### EXERCISE DATA
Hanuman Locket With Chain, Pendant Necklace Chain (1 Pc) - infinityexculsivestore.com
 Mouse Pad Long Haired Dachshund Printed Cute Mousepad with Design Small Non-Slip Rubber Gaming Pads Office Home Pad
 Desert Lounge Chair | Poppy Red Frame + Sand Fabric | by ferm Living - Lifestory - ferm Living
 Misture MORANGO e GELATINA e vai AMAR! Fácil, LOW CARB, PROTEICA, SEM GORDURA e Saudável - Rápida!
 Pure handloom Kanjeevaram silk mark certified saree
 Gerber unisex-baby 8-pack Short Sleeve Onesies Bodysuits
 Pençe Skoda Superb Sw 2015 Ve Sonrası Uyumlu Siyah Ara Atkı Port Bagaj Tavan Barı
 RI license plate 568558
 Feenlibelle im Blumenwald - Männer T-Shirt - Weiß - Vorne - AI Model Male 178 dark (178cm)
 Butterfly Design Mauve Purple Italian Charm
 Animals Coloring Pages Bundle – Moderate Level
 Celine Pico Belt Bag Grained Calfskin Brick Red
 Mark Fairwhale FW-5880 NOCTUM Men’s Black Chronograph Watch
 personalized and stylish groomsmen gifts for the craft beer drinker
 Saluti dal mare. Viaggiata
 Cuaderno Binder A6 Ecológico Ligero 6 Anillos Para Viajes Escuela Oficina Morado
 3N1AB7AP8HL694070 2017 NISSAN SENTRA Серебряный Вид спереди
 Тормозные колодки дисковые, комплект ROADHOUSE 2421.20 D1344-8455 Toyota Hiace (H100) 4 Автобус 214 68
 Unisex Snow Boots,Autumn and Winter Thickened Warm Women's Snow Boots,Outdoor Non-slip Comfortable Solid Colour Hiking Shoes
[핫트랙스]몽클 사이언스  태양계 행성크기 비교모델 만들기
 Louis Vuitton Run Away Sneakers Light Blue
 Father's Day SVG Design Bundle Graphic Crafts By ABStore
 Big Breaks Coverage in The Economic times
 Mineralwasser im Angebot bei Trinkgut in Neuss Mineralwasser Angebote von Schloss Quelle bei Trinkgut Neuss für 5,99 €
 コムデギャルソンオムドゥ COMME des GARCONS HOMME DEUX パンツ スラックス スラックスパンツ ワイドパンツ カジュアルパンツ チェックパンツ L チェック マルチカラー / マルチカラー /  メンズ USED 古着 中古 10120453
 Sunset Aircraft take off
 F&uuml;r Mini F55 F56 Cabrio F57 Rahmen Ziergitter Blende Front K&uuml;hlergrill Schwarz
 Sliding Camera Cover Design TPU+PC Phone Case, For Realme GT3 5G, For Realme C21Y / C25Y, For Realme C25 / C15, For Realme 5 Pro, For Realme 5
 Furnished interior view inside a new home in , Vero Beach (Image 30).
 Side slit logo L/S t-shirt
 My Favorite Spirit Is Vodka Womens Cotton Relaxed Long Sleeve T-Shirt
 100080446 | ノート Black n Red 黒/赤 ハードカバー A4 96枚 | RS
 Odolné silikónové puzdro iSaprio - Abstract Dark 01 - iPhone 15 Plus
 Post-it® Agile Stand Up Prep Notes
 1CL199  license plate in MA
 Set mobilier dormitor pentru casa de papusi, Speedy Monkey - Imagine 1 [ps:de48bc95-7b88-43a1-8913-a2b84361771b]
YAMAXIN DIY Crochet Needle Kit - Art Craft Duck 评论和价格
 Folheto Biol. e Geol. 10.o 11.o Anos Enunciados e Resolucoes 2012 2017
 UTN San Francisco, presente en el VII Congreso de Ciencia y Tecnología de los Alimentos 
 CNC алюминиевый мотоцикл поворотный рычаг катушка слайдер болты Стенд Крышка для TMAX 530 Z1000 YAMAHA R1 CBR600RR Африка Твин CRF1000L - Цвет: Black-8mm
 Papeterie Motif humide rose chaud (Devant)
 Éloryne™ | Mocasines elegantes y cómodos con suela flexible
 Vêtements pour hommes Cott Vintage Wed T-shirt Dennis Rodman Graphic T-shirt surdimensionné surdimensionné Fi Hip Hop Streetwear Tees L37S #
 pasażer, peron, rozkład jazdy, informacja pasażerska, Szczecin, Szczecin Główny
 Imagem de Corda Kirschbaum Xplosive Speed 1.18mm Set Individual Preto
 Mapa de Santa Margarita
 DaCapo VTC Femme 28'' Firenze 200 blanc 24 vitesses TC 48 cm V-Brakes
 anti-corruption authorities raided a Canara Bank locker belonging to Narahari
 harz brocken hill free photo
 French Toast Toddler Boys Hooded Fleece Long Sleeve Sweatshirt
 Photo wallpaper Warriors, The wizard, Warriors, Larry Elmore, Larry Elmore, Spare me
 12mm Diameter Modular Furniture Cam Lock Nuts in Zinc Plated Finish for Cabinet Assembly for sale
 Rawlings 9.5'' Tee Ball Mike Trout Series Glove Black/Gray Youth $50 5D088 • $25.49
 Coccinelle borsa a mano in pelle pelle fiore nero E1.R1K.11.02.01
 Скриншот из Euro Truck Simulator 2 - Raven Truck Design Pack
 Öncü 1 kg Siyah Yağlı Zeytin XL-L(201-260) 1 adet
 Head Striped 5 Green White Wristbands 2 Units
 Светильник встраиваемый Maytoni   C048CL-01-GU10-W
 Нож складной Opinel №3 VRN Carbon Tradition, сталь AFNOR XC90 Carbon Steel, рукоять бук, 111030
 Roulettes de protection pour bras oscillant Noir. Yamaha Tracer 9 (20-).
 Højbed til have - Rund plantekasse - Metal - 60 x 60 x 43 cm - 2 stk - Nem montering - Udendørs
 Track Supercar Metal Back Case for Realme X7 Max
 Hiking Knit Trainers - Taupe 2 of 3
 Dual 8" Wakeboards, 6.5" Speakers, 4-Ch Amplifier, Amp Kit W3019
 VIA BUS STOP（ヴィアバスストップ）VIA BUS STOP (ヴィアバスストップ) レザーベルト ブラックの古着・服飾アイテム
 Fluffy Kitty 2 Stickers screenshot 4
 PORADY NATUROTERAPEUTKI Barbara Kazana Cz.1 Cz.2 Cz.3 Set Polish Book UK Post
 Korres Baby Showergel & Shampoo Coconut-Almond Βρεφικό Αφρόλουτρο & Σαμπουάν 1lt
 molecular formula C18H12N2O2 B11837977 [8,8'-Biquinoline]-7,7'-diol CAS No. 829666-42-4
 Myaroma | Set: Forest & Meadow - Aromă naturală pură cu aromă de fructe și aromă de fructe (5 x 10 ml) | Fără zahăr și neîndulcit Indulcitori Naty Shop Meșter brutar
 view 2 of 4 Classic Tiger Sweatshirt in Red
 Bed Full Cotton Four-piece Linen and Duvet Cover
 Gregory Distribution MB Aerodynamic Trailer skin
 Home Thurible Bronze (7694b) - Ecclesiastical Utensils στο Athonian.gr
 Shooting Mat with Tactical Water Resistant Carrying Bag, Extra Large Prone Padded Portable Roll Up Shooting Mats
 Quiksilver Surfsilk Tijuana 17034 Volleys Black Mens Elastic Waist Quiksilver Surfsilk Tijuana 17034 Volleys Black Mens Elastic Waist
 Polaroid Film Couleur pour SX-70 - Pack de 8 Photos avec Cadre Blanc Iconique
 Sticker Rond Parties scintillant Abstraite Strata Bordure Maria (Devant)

### PROBLEM
Go through the entries and report every line with the string "Black".

### RESPONSE TO THE EXERCISE
 Mark Fairwhale FW-5880 NOCTUM Men’s Black Chronograph Watch
 100080446 | ノート Black n Red 黒/赤 ハードカバー A4 96枚 | RS
 CNC алюминиевый мотоцикл поворотный рычаг катушка слайдер болты Стенд Крышка для TMAX 530 Z1000 YAMAHA R1 CBR600RR Африка Твин CRF1000L - Цвет: Black-8mm
 Rawlings 9.5'' Tee Ball Mike Trout Series Glove Black/Gray Youth $50 5D088 • $25.49
 Quiksilver Surfsilk Tijuana 17034 Volleys Black Mens Elastic Waist Quiksilver Surfsilk Tijuana 17034 Volleys Black Mens Elastic Waist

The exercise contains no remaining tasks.